Work task: Lines containing the string "Chapter": how many are there below? Answer with the number only.

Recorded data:
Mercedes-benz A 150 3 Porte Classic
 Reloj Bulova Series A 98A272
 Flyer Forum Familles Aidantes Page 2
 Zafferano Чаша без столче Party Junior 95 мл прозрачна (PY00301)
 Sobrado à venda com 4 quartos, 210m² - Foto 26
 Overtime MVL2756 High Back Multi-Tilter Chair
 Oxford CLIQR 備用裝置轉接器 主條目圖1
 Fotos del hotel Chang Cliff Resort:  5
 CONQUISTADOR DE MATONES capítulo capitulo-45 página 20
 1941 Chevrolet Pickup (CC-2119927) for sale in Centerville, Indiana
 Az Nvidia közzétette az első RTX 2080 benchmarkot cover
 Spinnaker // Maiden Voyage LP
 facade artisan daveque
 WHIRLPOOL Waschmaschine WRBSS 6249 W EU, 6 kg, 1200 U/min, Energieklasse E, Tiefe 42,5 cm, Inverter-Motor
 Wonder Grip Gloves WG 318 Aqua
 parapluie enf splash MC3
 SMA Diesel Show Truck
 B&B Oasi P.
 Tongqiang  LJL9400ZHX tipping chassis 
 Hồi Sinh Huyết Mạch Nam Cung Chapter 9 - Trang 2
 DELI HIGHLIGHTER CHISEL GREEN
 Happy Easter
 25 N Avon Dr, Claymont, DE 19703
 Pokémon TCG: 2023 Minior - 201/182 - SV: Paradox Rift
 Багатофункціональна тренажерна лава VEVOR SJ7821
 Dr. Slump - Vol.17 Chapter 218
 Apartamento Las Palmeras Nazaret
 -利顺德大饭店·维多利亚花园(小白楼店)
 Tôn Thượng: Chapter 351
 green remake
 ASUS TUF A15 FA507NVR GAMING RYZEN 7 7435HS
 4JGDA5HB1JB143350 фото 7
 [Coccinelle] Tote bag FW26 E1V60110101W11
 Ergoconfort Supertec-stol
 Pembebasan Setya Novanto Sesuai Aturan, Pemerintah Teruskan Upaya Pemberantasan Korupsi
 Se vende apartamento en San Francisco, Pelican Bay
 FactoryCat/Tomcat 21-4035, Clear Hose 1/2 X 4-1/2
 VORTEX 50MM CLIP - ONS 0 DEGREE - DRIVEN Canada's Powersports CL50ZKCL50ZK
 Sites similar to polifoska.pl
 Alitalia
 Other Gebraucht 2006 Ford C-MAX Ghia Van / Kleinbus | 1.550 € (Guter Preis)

Written solution: 3